Monitoring high availability clusters: Why Ping Identity chose Severalnines over SolarWinds
We needed a solution that monitors Galera MySQL clusters and MongoDB, chief reliability engineer tells Computing
"A lot of companies say they're distributed and fault tolerant, but in fact they reside in a single data centre or a single AWS region," said Michael Ward, chief site reliability engineer at Ping Identity, a provider of cloud authentication solutions to some of of the world's largest organisations.
"But PingOne [the firm's cloud-based single sign-on application] is currently deployed to four - soon to be five - different data centres throughout the world."
As IT systems get more distributed and characterised by multiple vendors and environments, maintaining visibility over the whole becomes ever more important. Add in requirements for zero downtime, strict data governance and minimal latency and you start to see why managing applications across multiple data centres in different time zones is not for the faint-hearted.
"If you don't design your applications and data stores that way from the ground up, it's very hard," Ward said.
Ward told Computing that thanks to the distributed architecture, even when the Boston data centre was flooded for several days during Superstorm Sandy in 2012 the service remained at full capacity.
The resilience is down to ensuring all systems and sub-systems - from a data centre down to a single server - are replicated synchronously and automatically. To ensure there is no drop off in performance, it is also vital that monitoring and management systems are maintained in the event of a disaster.
"If we lose a data centre PingOne is inherently built to failover to an ultimate data centre. We need to be able to have our monitoring still up. If we lost our primary data centre we still need to be able to view all of our clusters," Ward explained.

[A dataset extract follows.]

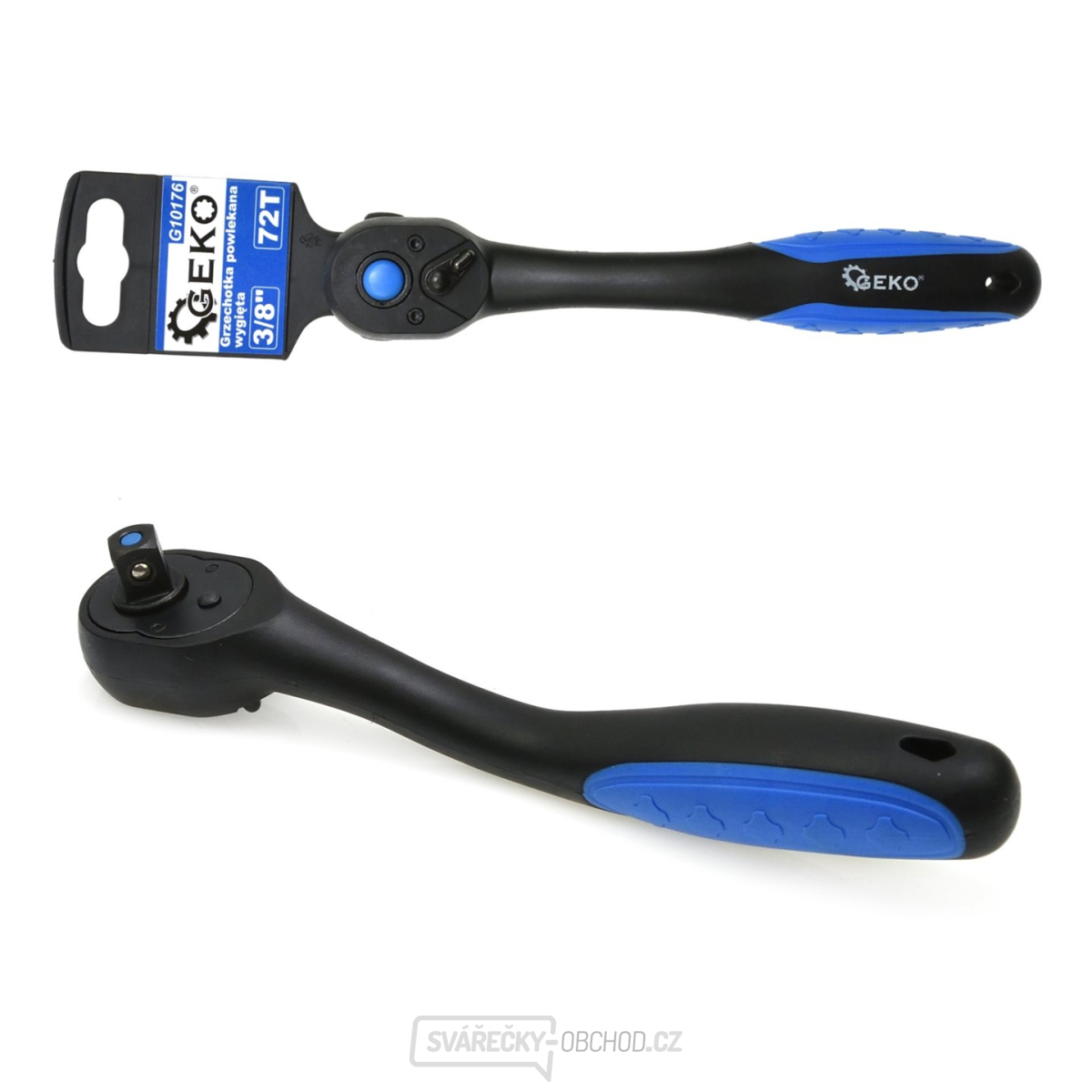 Ráčna GEKO 3/8" 72T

The all-important configuration data is read and updated by various subsystems deployed in geographically dispersed data centres. This data needs to be strongly consistent across all these locations. To meet these requirements Ping Identity chose Galera Cluster for MySQL for its ability to synchronously replicate data across remote data centres.
However, MySQL is not so suitable for all distributed computing tasks or for when a more flexible data model is required, and for other applications Ping Identity chose MongoDB, the open source NoSQL database. So, PingOne is a complex application, even before you start considering its distributed architecture.

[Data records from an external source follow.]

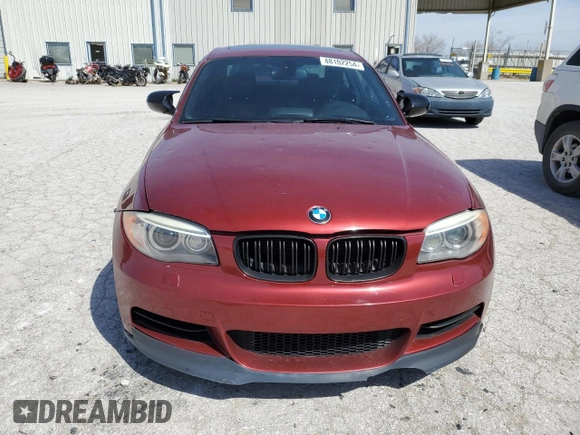 2012 BMW 1 Series 135i with VIN WBAUC9C5XCVM12726, listed as a Copart auction lot 48102254 with 82,285 mi miles and Salvage title. Bid and sale history available at DreamBid. Image 5.
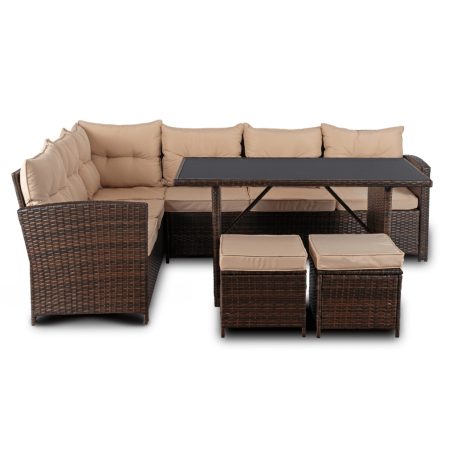 Kerti bútorkészlet DALLAS Barna/Bézs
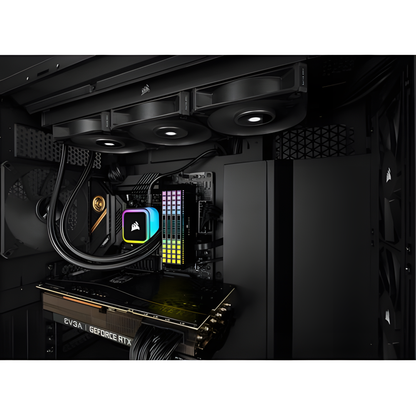 Corsair H100I Elite Processor Alles-in-één vloeistofkoeler 12 cm Zwart 1 stuk(s)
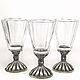 Set for three 'Faceted LILY-25' 3 lapitnik in a case, Shot Glasses, Zhukovsky,  Фото №1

"It's about 20 different micro-services all of which have to interact with each other as well as with the databases. It's not an easy thing to accomplish. As soon as you add another data centre - or continent - the level of effort and diligence and testing that must be put in place to ensure availability becomes that much higher," said Ward.

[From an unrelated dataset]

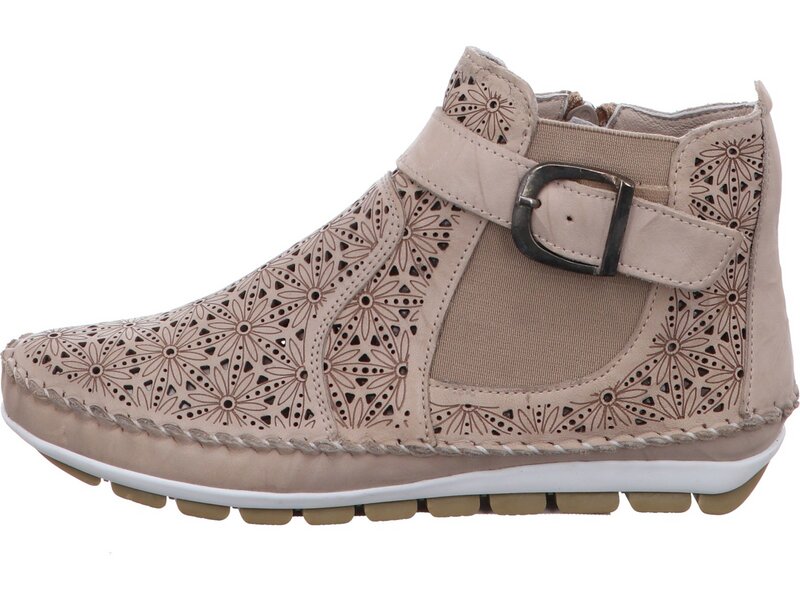Gemini - Nappa/Kombi Stiefel - Beige 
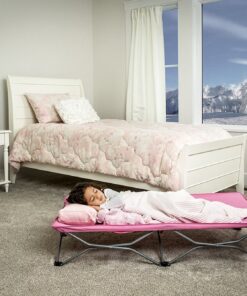 Regalo My Cot Portable Toddler Bed, Includes Fitted Sheet, Pink 33 7121qP4X8ZL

PingOne is distributed across public cloud and private cloud data centres. To ensure that visibility is maintained across the piece Ping Identity deploys ClusterControl from Swedish company Severalnines. ClusterControl allows operational staff to manage the most popular open source databases (currently MySQL, PostgreSQL and MongoDB) via a single dashboard.
"We have MySQL Galera clusters in three data centres. Being able to see what's going on in all those clusters can help us determine all sorts of issues and narrow them down to a single server. It allows us to get the 10,000 foot view as well as the one foot view," Ward said.
"Consistency is important. While Galera allows us to see some pieces of information, ClusterControl allows us to see that across the whole deployment," he explained, reeling off a long list of performance metrics that are made visible via the dashboard, allowing his team to optimise performance and locate bottlenecks quickly.
Having a ClusterControl server in every data centre helps with maintaining 100 per cent uptime with no loss of performance, Ward said.
"It's basically a hot standby, which means you can have one in each data centre to account for failover issues and still be able to monitor the remainder of the cluster in a network segmentation type of scenario."
Asked why his company originally chose Severalnines three years ago, Ward said price was the main reason. ClusterControl was the best value for monitoring dispersed Galera MySQL clusters. Severalnines also had close ties with the Codership team that developed Galera. At the time Ward was also using the Zabbix monitoring and other SaaS-based tools, and the MONyog MySQL monitoring tool, which Ward said "doesn't handle Galera too well - we wanted something specific to our data stores".
Other options considered included SolarWinds.
"SolarWinds is a good robust tool but limited for data centres and it doesn't offer the value of Severalnines. It's a great solution but requires a lot management time. Severalnines is very simple to set up and get started with and do what you really need," said Ward.
However, one area in which it is lacking is support for Apache Cassandra, which at Ping Identity has replaced MongoDB as NoSQL data store of choice.
"There are a lot of NoSQL databases out there," said Vinay Joosery, Severalnines CEO, in response.
"We have not supported Cassandra so far, but we are taking steps to do so. It is a lot of work when you start monitoring a new data store, but Cassandra is hot and addresses a lot of interesting use cases so hopefully we can do something with it soon."